Двое других цигарки завернули и на пол на корточки присели отдохнуть. Гришку замутило. И от голода, и от воздуха в комнате тяжелого. А больше от тоски. На пол сел, мутными глазами в потолок уставился, крепко губы сжал. Лицо стало скорбным и старым. А в комнату бритый, долгоносый, с губами тонкими вошел. На голове, острой кверху, кепка приплюснута была на самые глаза. Ступал твердо. Точно каждым шагом землю вдавливал. И башмаки, чисто лапы звериные, вытоптались. Как вошел, на стул плюхнулся. И стул тоже в пол вдавил.
— Што? Навертываете? Все с бумажечками, с бумажечками? В печку все эти бумажки надо. А ты, башкурдистан, чего воешь? Автономию просишь?
Глаза узкие щурил и тонкие губы кривил. Над всем смеялся.

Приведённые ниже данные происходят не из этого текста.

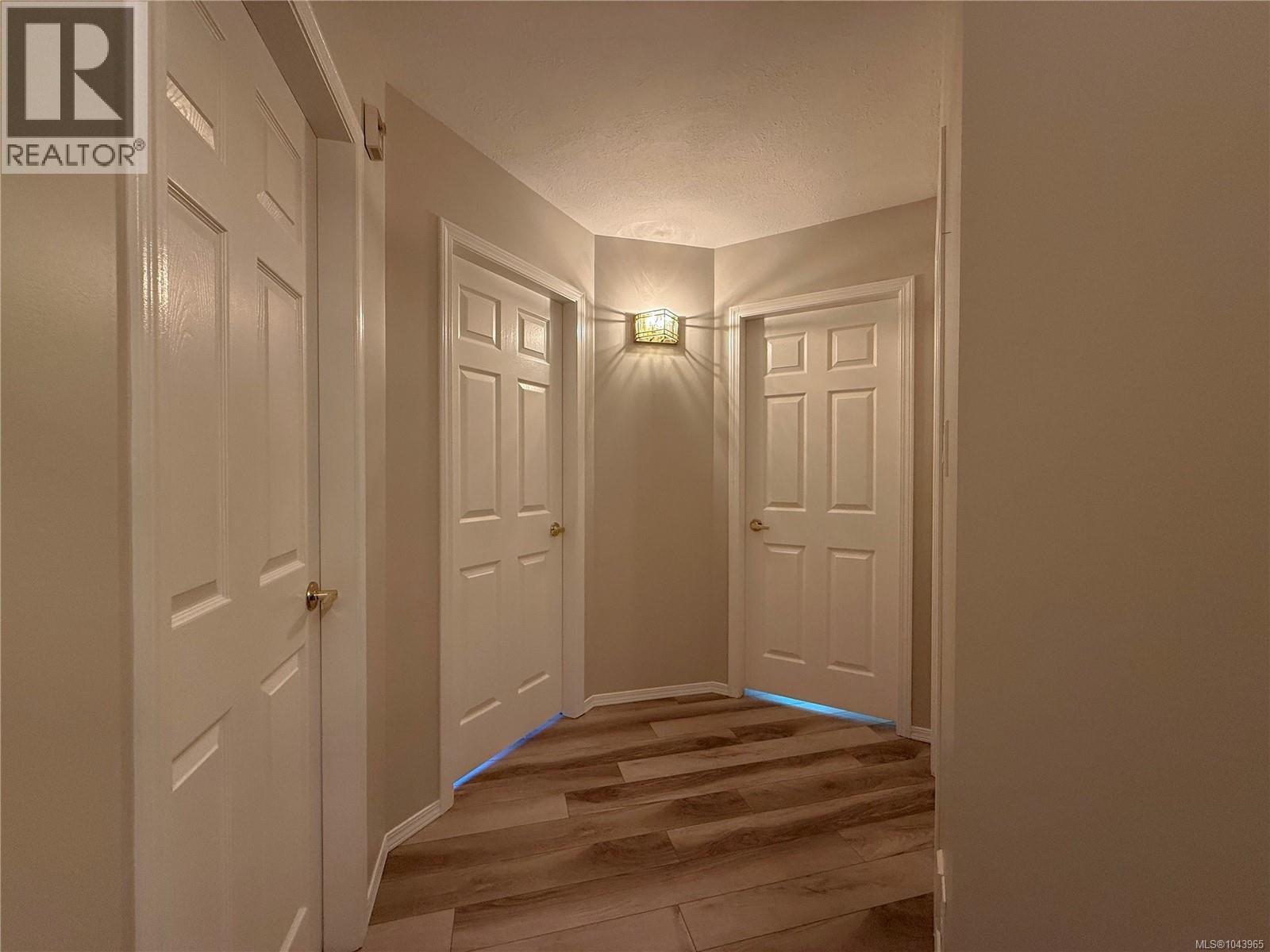 688 Albatross Cres - 21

Как говорил, руки все тер ладонями одна о другую, ежился, ноги до колен руками разглаживал. Весь трепыхался. Смирно ни минуты не сидел. Каждый сустав у него точно ходу просил.
Дела.
— Подождите, товарищ Мартынов, — затянула жалостно старшая барышня. — Всегда вы с шумом. Вот голова кругом идет. Куда их девать?
— Сортиры чистить, землю рыть… Куда? Место найдется.
Эй ты, арба башкирская. Долго еще проскрипишь?
И похоже передразнил: — И гы-гы-гы…
У башкиренка глаза высохли. Губы в усмешку растянулись.
И скрип свой прекратил.
— Ну, так, барышни, как? Все бумажечки, бумажечки? По инструкции, с анкеточками?
И опять ладони одна о другую.
— Десять этих барахольщиков я у вас возьму. Десять могу.
— А вот хорошо, товарищ Мартынов, — обрадовалась старшая. — Мы вам сейчас отберем. Тут есть такие, у которых дела уж рассмотрены.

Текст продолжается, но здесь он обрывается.